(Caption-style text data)
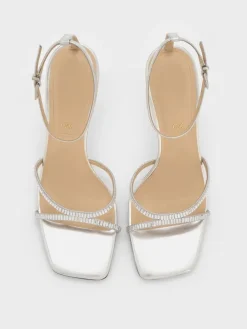 Jaylene Metallic Leather Gem Stiletto Sandals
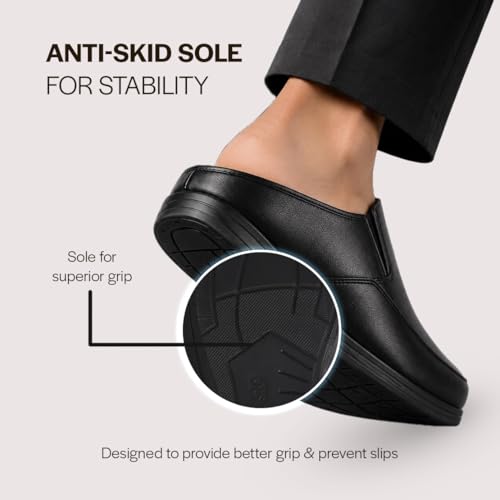 Image of FAUSTO Men Formal Back Open Memory Cushioned Insole Slip On Shoes | Office, Meetings, Event Slip Ons with Comfort All Day Long | Semi Formal Outfit Shoe, Anti Skid Rubber Sole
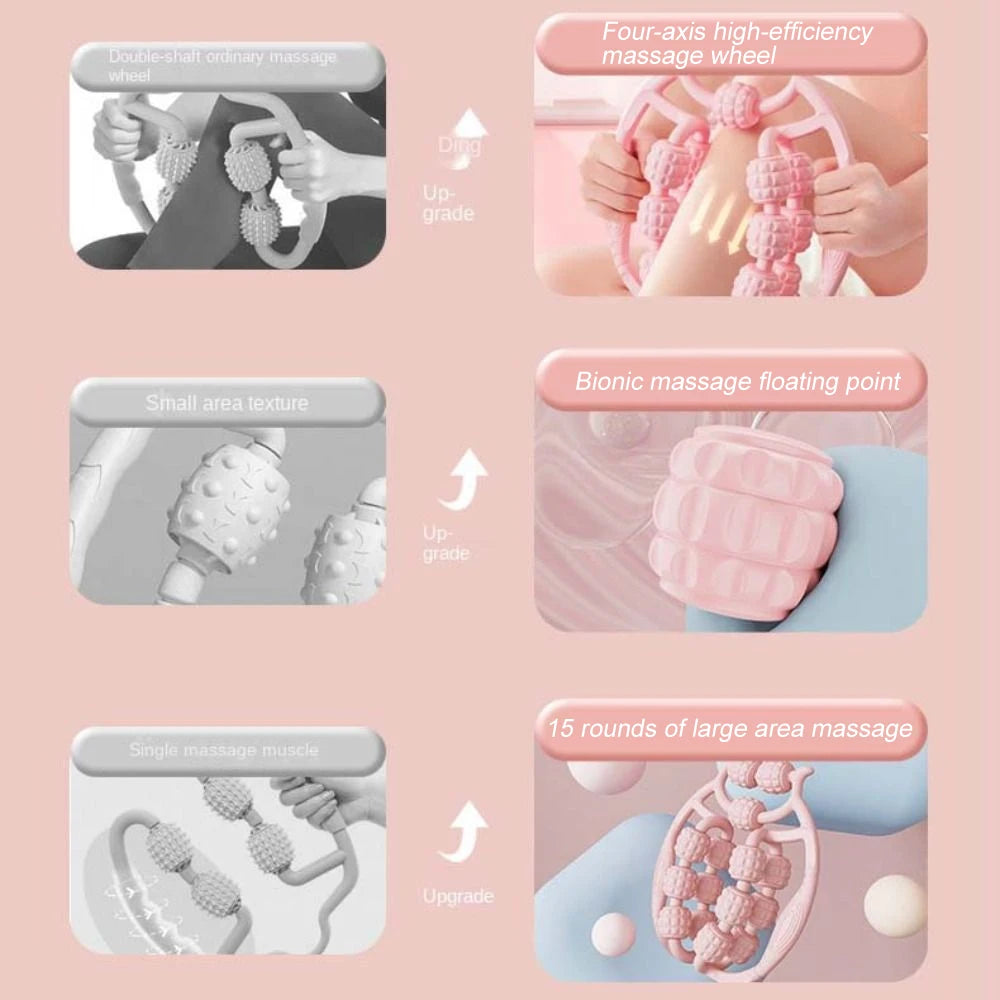 12-Wheel Manual Leg & Body Massage Roller – Full-Coverage Thigh, Calf & Arm Muscle Relief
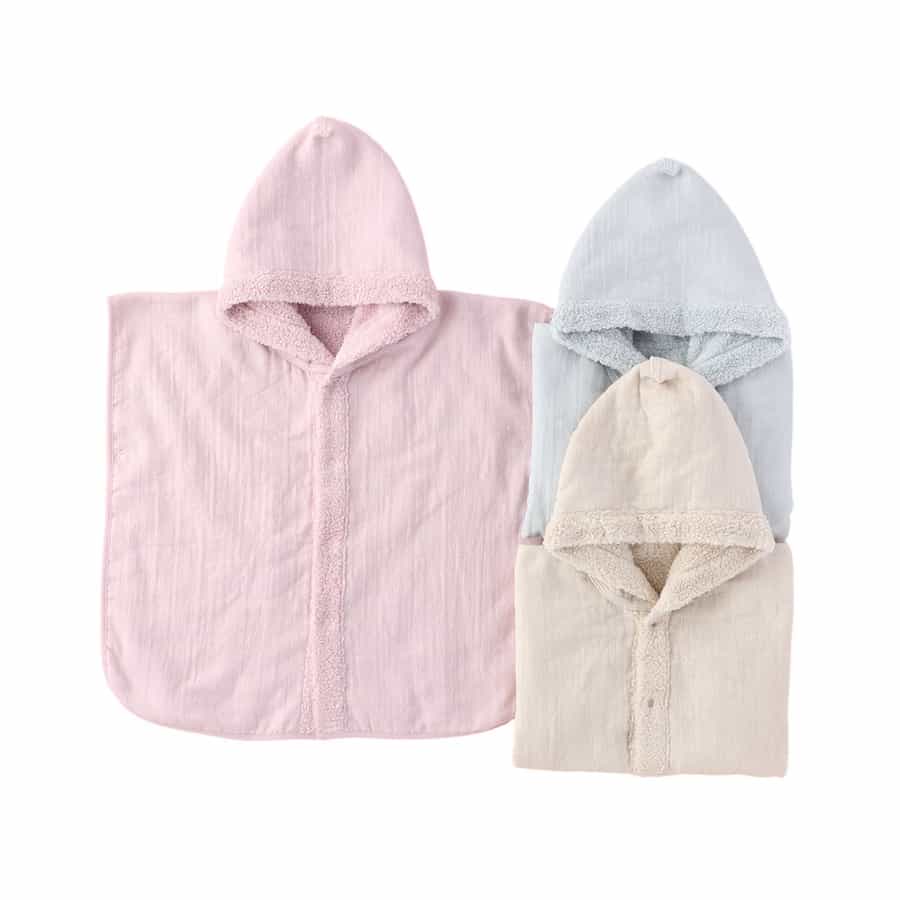 【再値下げ】マシュマロガーゼ＆パイルカラーポンチョ 90cm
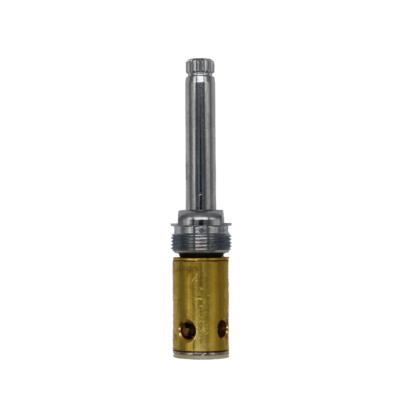 Polished chrome stem and bonnet with brass barrel black rubber o-rings and white rubber seal.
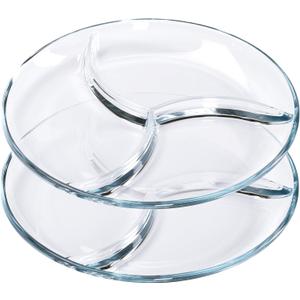 FOYO Round Tempered Glass Serving Platters/Trays - 3 Sectional -10'' Diameter, Set of 2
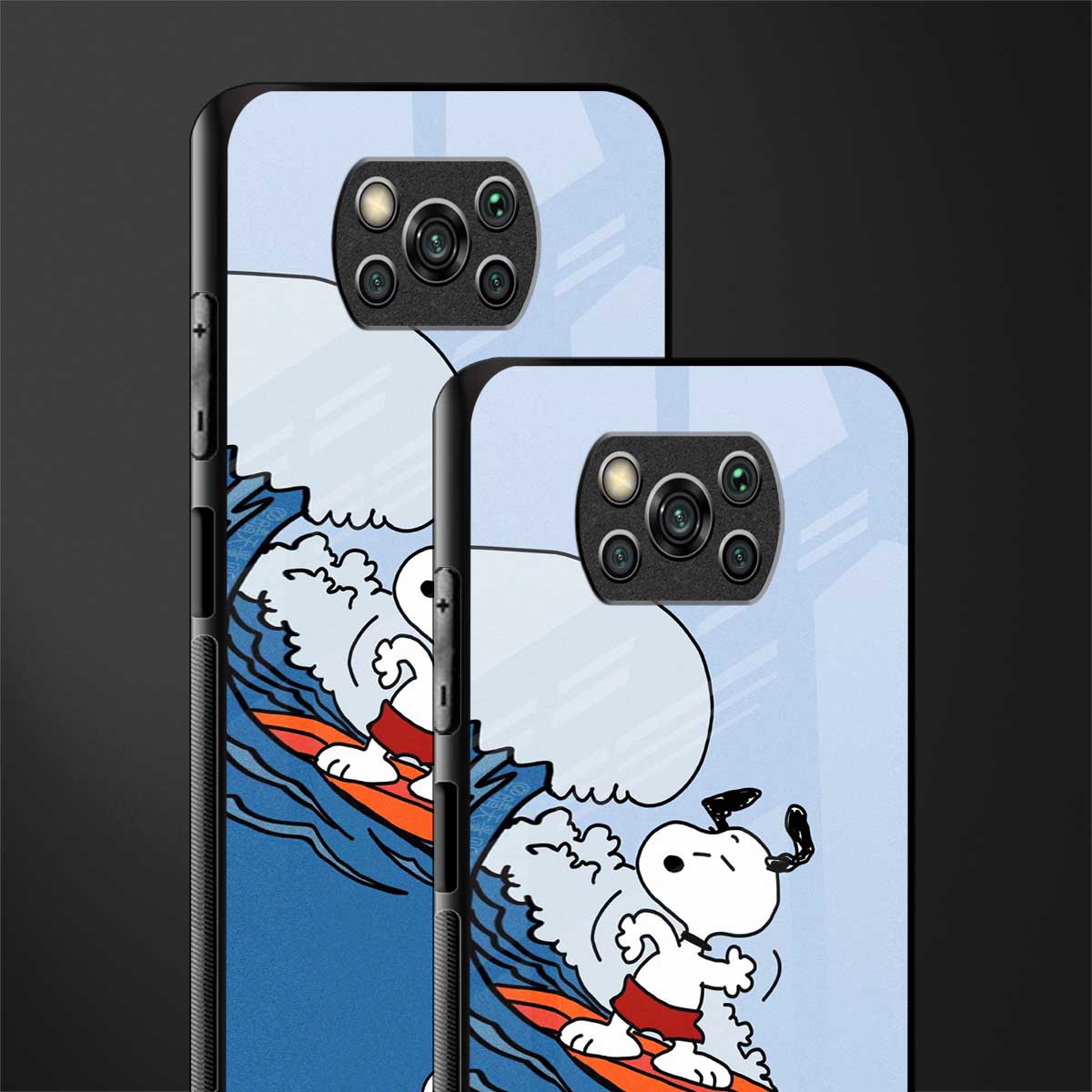 snoopy surfing glass case for poco x3 pro image-2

## EXERCISE AIM
The exact lines from the one containing "FOYO Round Tempered" through the end of the data are to be copied, with both ends kept and pictures left out.

## EXERCISE RESULT
 FOYO Round Tempered Glass Serving Platters/Trays - 3 Sectional -10'' Diameter, Set of 2
 snoopy surfing glass case for poco x3 pro image-2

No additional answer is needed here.